**GIVEN ENTRIES:**

== Segment start ==

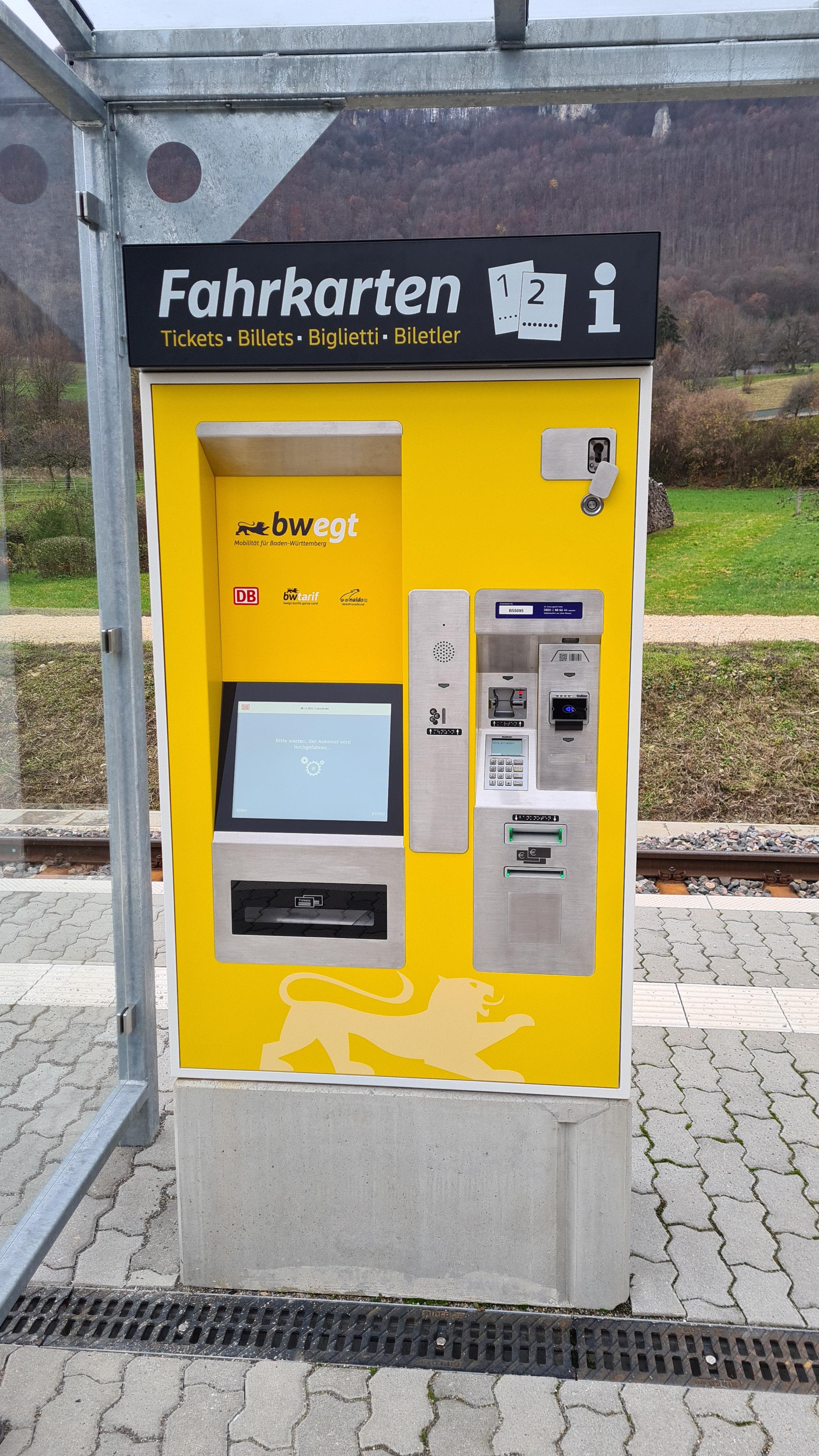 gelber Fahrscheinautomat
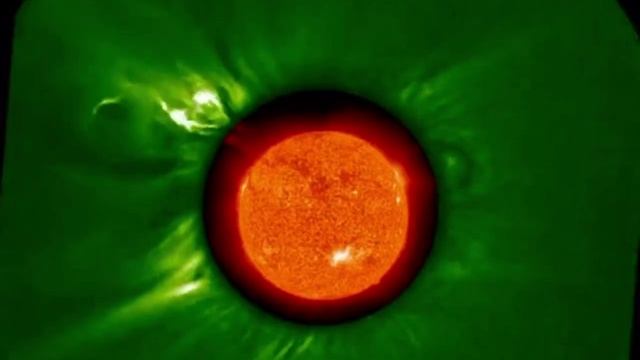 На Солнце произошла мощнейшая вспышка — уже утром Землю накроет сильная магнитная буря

== Segment end ==
== Segment start ==

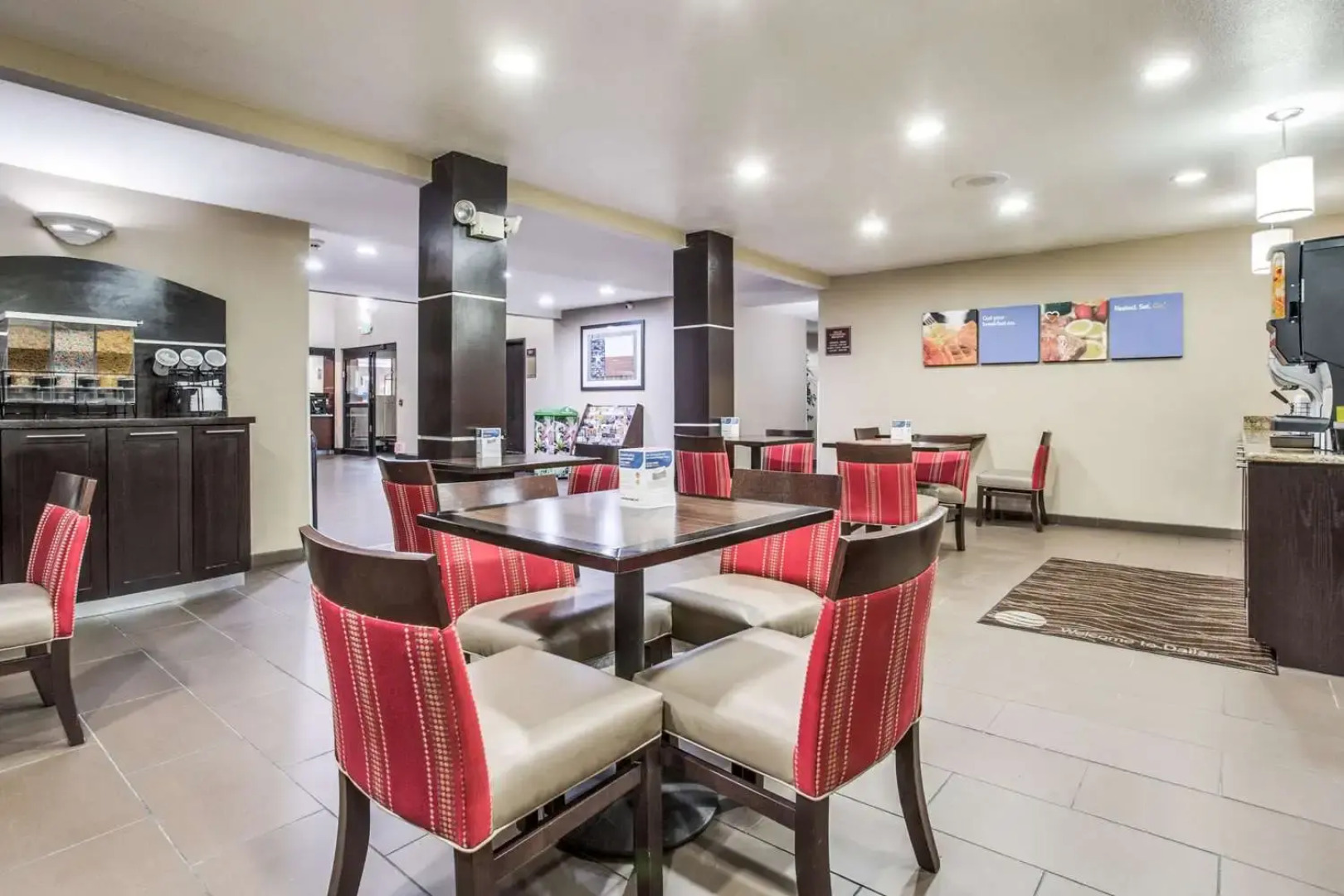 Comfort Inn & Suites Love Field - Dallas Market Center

== Segment end ==

**YOUR GOAL:**
Although the records above contain pictures, the copy should not; retype exactly the lines from the one containing "gelber Fahrscheinautomat" through the one containing "На Солнце произошла".

**RESPONSE TO THIS EXERCISE:**
 gelber Fahrscheinautomat
 На Солнце произошла мощнейшая вспышка — уже утром Землю накроет сильная магнитная буря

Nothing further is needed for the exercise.